_Your assignment:_ Working through the entries below, find how many lines include "Picture", then write only that number.

***** Task inputs *****

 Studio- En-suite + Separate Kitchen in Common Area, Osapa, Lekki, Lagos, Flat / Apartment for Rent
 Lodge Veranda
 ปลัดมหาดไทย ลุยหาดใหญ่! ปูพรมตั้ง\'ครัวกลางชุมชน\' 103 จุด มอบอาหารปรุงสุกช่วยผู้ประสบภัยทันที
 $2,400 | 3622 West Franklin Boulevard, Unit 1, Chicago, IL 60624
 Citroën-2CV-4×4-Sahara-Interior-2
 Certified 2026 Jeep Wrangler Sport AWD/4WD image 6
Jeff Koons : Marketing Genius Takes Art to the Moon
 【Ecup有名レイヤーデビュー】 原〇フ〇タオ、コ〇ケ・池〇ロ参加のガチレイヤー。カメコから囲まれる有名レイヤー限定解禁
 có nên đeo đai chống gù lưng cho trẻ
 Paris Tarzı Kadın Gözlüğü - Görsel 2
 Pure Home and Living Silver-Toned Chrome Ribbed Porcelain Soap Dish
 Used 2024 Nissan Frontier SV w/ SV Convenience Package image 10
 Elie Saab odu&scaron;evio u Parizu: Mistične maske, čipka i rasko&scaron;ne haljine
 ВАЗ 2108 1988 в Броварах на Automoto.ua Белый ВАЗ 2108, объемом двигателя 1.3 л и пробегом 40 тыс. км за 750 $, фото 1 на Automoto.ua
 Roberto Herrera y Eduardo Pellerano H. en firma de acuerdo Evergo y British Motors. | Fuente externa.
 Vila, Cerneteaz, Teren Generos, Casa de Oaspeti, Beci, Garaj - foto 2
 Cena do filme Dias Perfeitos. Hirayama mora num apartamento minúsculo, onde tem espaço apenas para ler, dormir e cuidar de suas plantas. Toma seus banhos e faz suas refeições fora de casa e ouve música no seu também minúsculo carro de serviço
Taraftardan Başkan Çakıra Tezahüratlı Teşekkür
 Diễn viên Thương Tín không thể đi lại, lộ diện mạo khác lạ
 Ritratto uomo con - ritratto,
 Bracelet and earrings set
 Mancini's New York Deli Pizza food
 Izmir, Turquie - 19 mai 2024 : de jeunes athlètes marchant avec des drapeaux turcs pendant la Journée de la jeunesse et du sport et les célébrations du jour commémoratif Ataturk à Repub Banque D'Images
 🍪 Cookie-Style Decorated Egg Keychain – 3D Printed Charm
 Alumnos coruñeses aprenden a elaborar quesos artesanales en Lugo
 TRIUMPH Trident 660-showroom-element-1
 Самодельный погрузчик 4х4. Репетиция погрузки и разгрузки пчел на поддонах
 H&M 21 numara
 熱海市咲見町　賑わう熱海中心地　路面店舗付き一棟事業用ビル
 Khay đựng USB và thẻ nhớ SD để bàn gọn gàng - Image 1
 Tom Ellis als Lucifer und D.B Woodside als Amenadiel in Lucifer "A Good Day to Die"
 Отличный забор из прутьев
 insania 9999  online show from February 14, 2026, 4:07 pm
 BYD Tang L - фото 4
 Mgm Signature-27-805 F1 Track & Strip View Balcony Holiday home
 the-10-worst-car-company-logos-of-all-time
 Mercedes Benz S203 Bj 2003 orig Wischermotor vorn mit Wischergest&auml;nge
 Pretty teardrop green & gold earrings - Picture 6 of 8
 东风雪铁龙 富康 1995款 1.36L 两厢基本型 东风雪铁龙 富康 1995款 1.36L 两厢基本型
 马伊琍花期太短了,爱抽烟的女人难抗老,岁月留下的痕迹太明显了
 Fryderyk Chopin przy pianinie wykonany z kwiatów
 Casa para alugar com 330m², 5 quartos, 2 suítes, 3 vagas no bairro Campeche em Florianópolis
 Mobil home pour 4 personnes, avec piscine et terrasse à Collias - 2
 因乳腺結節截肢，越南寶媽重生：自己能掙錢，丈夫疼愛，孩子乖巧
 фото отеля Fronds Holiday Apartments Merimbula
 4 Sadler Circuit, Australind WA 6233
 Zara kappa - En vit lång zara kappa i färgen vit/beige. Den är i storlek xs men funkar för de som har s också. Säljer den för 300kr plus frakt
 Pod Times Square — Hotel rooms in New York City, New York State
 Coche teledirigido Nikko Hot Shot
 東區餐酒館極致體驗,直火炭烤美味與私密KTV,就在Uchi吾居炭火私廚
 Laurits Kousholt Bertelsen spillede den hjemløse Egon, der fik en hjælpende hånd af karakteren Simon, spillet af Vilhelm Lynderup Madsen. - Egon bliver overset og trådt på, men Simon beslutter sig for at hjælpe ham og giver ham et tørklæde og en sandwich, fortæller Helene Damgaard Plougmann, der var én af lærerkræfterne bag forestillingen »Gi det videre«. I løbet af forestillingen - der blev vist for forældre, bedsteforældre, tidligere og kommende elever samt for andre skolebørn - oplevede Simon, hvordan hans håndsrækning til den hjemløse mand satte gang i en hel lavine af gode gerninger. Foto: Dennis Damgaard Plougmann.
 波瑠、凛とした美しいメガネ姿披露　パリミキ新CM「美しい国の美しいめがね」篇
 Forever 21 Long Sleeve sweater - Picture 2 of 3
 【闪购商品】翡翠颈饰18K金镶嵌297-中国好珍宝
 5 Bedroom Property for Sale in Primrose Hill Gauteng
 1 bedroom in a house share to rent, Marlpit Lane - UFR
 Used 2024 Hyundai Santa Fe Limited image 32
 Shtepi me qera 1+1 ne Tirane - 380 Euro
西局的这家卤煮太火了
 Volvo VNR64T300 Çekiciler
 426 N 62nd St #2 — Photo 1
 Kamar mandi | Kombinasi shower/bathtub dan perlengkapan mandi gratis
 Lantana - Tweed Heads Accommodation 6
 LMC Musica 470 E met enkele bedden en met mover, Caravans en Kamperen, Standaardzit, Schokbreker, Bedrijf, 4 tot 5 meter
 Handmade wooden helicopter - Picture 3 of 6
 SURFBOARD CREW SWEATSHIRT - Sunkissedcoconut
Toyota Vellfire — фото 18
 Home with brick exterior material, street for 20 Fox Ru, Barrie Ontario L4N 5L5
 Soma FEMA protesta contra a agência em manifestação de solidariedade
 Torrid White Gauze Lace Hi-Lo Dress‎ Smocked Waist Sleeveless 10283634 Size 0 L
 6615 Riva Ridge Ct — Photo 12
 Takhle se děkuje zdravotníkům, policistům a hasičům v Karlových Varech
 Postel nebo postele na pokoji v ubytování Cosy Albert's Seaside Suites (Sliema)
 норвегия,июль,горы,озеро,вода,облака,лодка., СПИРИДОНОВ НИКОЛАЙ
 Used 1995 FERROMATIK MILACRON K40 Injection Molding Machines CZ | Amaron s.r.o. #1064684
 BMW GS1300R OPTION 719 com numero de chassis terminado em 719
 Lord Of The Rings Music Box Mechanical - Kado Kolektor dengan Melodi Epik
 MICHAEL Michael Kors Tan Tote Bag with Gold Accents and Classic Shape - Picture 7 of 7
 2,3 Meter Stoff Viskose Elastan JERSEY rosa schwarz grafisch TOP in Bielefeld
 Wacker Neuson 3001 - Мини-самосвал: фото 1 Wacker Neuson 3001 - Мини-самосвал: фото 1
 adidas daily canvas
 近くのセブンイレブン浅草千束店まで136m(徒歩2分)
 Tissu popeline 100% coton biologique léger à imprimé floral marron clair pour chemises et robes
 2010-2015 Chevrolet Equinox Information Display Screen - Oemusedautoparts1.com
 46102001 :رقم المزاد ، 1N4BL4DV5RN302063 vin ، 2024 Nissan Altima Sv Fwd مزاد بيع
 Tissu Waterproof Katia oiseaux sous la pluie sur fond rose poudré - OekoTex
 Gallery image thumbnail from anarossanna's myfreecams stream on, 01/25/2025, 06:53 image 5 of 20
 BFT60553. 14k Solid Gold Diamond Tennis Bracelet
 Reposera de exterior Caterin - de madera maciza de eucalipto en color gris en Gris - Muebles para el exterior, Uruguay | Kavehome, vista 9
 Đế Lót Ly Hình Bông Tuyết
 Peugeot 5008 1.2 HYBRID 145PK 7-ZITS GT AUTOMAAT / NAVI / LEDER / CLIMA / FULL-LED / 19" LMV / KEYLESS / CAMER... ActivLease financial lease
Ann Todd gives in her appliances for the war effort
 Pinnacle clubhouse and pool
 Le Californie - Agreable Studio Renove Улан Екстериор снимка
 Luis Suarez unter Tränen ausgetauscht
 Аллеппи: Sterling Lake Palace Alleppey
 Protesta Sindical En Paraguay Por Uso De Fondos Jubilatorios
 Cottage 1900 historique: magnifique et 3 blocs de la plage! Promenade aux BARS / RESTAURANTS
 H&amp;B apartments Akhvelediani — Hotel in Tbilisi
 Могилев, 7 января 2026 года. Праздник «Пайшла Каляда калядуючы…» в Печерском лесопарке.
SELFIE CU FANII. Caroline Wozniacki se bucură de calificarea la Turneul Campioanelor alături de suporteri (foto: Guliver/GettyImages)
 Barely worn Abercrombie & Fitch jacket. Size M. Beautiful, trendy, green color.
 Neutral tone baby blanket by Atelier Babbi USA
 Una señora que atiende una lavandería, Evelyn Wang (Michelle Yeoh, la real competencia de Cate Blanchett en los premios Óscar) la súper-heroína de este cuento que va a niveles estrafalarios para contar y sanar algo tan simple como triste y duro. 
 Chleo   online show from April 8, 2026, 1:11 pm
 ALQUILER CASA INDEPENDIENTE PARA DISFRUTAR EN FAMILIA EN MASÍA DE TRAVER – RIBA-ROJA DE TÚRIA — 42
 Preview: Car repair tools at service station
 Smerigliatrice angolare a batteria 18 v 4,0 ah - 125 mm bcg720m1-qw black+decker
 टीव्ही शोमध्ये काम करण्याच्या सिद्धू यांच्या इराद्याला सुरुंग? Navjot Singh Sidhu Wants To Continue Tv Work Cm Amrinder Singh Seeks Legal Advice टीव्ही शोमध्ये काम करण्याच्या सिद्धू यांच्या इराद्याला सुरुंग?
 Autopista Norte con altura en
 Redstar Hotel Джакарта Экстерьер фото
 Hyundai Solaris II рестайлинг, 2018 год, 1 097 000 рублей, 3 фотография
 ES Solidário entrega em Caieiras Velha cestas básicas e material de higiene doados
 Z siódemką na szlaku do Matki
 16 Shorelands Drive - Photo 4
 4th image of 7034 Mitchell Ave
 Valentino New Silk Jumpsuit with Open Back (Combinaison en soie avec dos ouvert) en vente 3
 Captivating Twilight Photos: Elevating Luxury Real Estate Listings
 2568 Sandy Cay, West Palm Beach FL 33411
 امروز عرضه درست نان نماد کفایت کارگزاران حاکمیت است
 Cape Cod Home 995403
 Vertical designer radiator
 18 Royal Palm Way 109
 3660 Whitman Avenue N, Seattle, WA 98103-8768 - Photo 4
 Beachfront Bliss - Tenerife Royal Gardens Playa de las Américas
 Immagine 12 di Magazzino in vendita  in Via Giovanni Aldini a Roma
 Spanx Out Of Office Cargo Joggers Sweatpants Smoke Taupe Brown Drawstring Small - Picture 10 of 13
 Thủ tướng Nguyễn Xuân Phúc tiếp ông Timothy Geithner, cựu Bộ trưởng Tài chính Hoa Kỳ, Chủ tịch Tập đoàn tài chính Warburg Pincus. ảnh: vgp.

*****

_Answer box:_ 5